* **What needs to be done**
Write the listing out again word for word, leaving each picture behind.

* **Supplied records**
┄┄┄┄┄┄┄┄┄┄

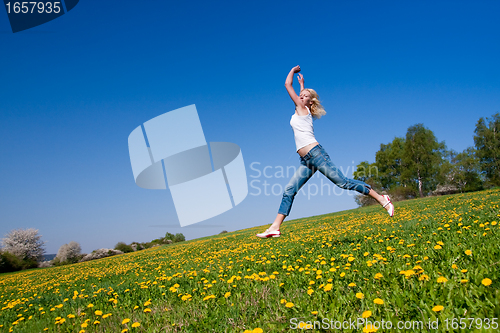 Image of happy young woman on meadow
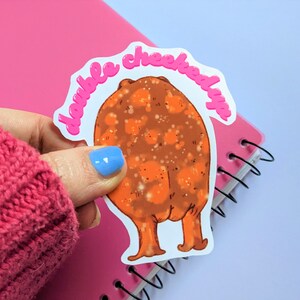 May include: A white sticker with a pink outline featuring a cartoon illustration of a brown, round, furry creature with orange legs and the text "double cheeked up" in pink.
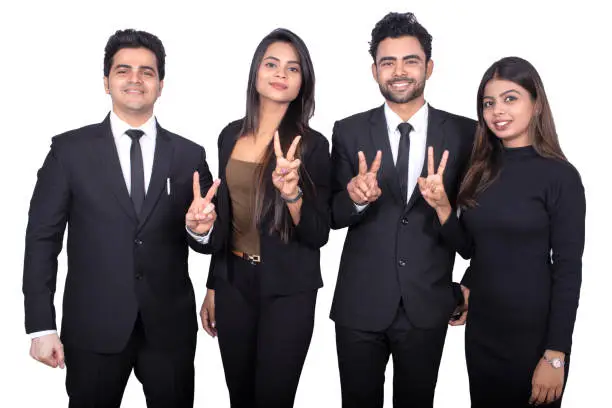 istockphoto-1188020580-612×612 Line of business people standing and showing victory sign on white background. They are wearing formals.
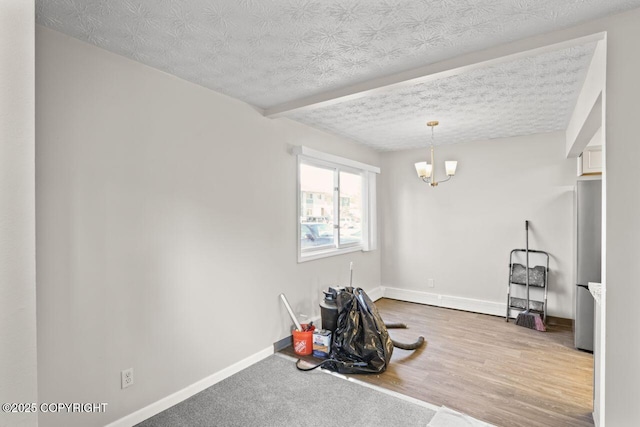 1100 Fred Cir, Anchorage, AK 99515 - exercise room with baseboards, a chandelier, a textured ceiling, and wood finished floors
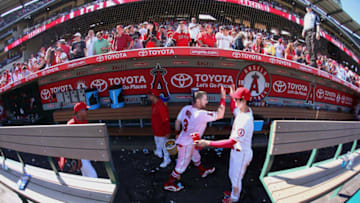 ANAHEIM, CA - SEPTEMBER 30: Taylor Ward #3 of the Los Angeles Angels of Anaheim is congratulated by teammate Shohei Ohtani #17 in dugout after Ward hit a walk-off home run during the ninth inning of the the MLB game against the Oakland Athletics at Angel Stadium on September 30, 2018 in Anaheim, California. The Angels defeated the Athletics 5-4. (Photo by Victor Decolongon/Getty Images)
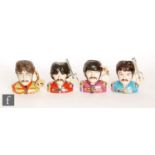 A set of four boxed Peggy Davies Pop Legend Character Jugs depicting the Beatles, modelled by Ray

┄┄┄┄┄┄┄┄┄┄

* **Written answer**
 Image of happy young woman on meadow
 May include: A white sticker with a pink outline featuring a cartoon illustration of a brown, round, furry creature with orange legs and the text "double cheeked up" in pink.
 istockphoto-1188020580-612×612 Line of business people standing and showing victory sign on white background. They are wearing formals.
 1100 Fred Cir, Anchorage, AK 99515 - exercise room with baseboards, a chandelier, a textured ceiling, and wood finished floors
 ANAHEIM, CA - SEPTEMBER 30: Taylor Ward #3 of the Los Angeles Angels of Anaheim is congratulated by teammate Shohei Ohtani #17 in dugout after Ward hit a walk-off home run during the ninth inning of the the MLB game against the Oakland Athletics at Angel Stadium on September 30, 2018 in Anaheim, California. The Angels defeated the Athletics 5-4. (Photo by Victor Decolongon/Getty Images)
 A set of four boxed Peggy Davies Pop Legend Character Jugs depicting the Beatles, modelled by Ray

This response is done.